Bawdy Tales Partie 3 – L'histoire de la pute

Bedefunde, 29 juin — Je m'appelle Alice. J'ai 24 ans et je suis ce que les gens les plus respectables appelleraient une vulgaire pute. Je crois que je suis plutôt jolie avec des lèvres rouges et un teint encore non marqué par la maladie et les hommes semblent aimer téter ma poitrine généreuse alors qu'ils enfouissent leurs bites dans l'humidité sombre entre mes cuisses, avant de libérer leur semence chaude dans ma chatte avec beaucoup de soupirs, de gémissements et de déclarations d'amour.
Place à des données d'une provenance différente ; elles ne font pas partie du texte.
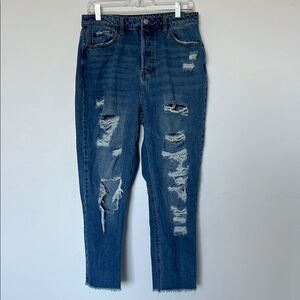 Vanilla Star Distressed 90s Boyfriend Jeans Cropped Medium Wash Women’s Size 13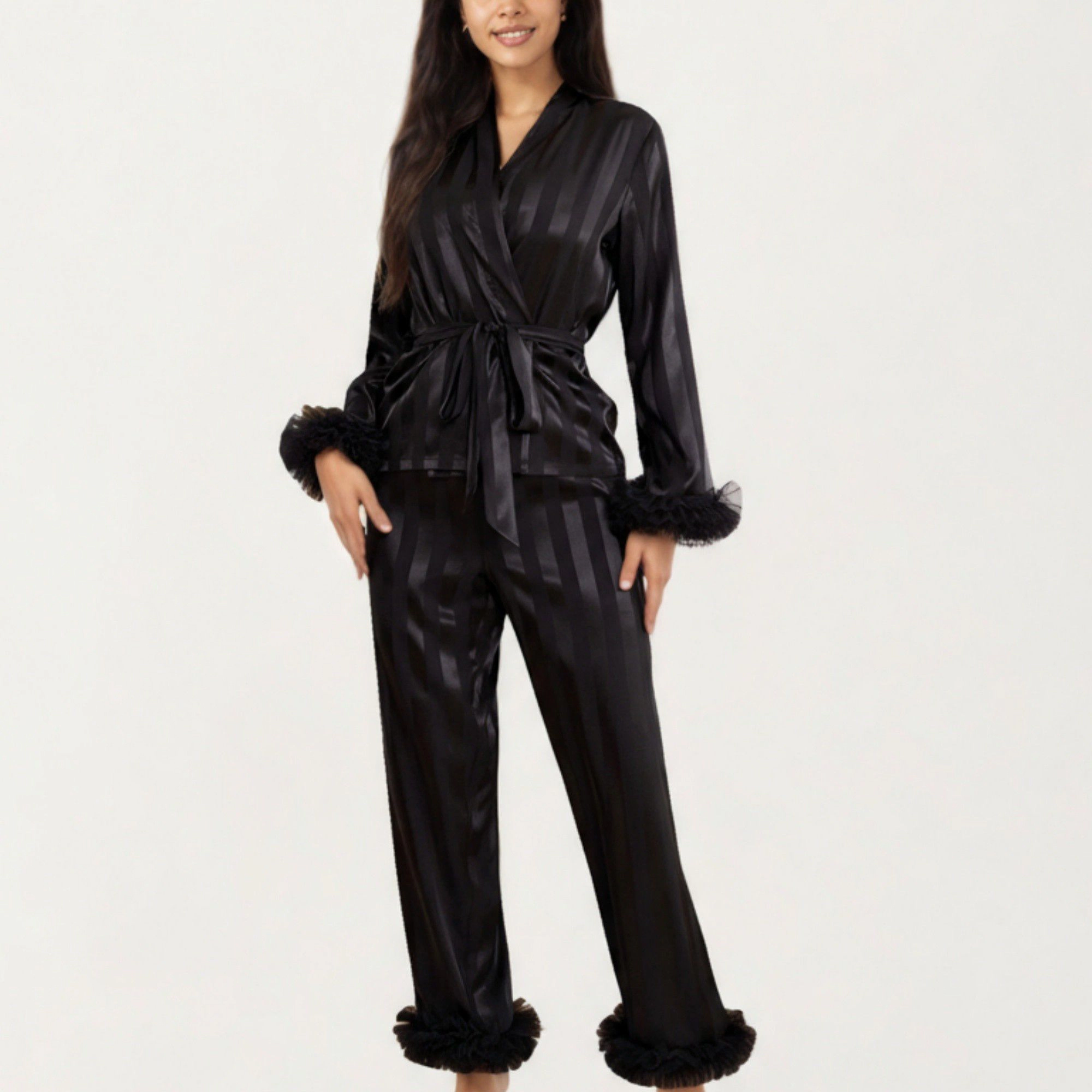 Anna-Kaci Women's 2-Piece Satin Wrap Long Sleeve Feather Trim Top and Straight Leg Pants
Des hommes plus nobles et plus instruits m'ont dit, alors qu'ils jouissaient de mon corps, que la prostitution est une profession ancienne et noble, et que dans les temps anciens, la baise était un rite sacré et une manière de communier avec les dieux. Quoi qu'il en soit, et sans aucun doute je ne vaux pas mieux que je ne devrais l'être, je crois que je fais du bien dans ce monde en sauvant les honnêtes femmes des périls indésirables et les hommes des graves péchés de la sodomie et de l'abus de soi. et bien que l'Église Mère enseigne que les relations sexuelles en dehors du saint sacrement du mariage sont un péché vénal, j'ai servi de nombreux prêtres et frères. Un prêtre me raconta même en secret que le bienheureux saint Augustin disait que si toutes les putains étaient fouettées et chassées du pays, les convoitises capricieuses des hommes provoqueraient un tel désordre que le bon gouvernement serait renversé.
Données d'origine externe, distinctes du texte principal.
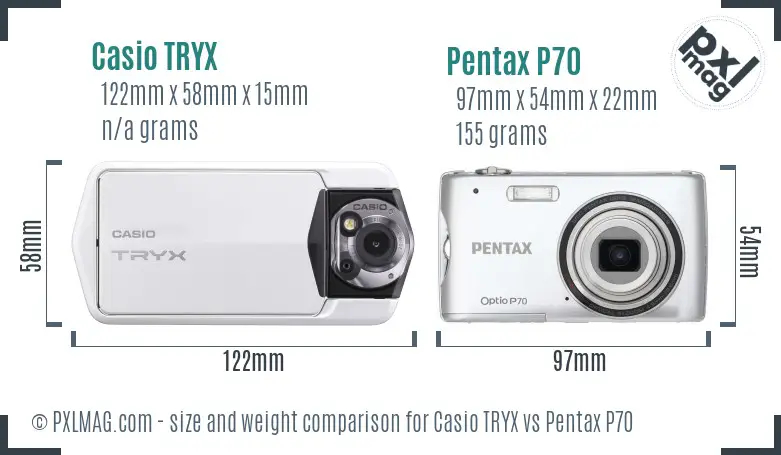 Casio TRYX vs Pentax P70 size comparison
Je n'ai pas choisi ce mode de vie et quand j'étais petite, je rêvais d'épouser un honnête homme et de mettre au monde de nombreux enfants. J'étais la deuxième fille d'un fabricant de bougies ordinaire de la ville de York, très heureuse de m'acquitter de mes tâches domestiques et d'aider avec les plus jeunes enfants. Je n'ai jamais appris à lire ni à écrire, mais j'ai appris quelques notions d'arithmétique simples en aidant mon père avec ses comptes. Cependant, quand j'avais dix-huit ans, une tragédie a frappé notre heureuse famille lorsque notre maison a brûlé, tuant ma mère bien-aimée et deux de mes jeunes frères. Mon père a déclaré qu'il ne serait pas en mesure de fournir une dot à moi ou à mes sœurs et que nous devrions gagner notre vie dans le monde. Ma sœur aînée Elisabeth fut envoyée travailler dans les cuisines de notre seigneur suzerain et Marie, qui était la simple, fut donnée à l'Église. Étant la plus jolie, il a dit que je pourrais mieux servir la famille en utilisant mon apparence, et il m'a envoyée au bordel local de Gropecunt Lane.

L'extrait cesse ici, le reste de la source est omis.